▶ **Work task**
Without the pictures, copy all of the data exactly.

---------- Provided material ----------

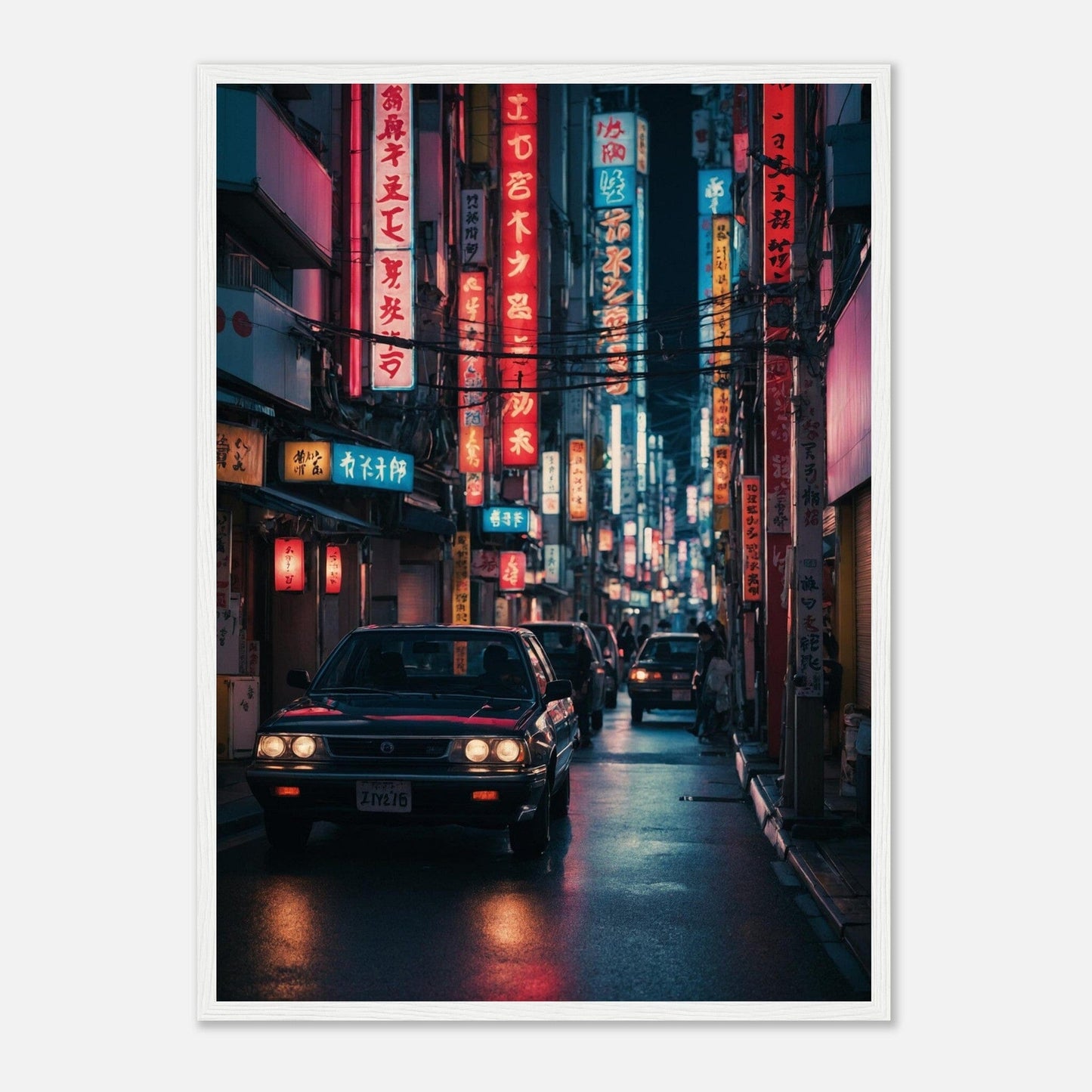 Premium Matte Paper Wooden Framed Poster - Exklusive Kunst in stilvollen Holzrahmen Print Material Modern Masterpieces 50x70 cm / 20x28″ White frame 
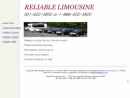 Website Snapshot of RELIABLE LIMOUSINE AND BUS SERVICE, LLC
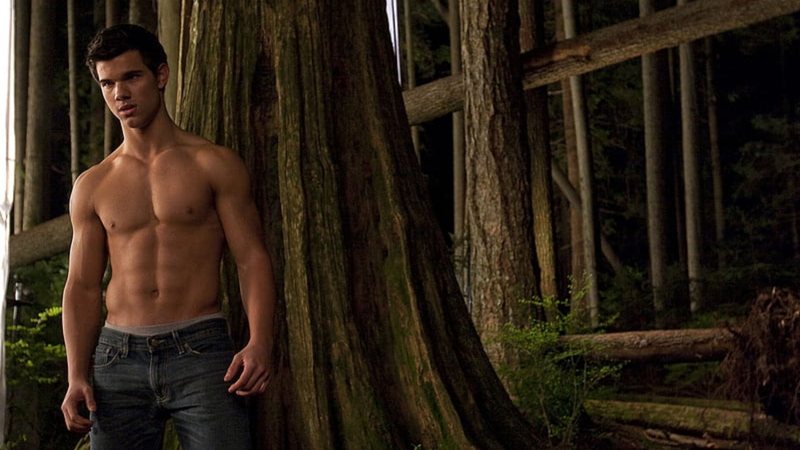 Taylor Lautner como Jacob em A Saga Crepúsculo: Lua Nova (Foto: Divulgação)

----------

▶ **Expected output**
 Premium Matte Paper Wooden Framed Poster - Exklusive Kunst in stilvollen Holzrahmen Print Material Modern Masterpieces 50x70 cm / 20x28″ White frame 
 Website Snapshot of RELIABLE LIMOUSINE AND BUS SERVICE, LLC
 Taylor Lautner como Jacob em A Saga Crepúsculo: Lua Nova (Foto: Divulgação)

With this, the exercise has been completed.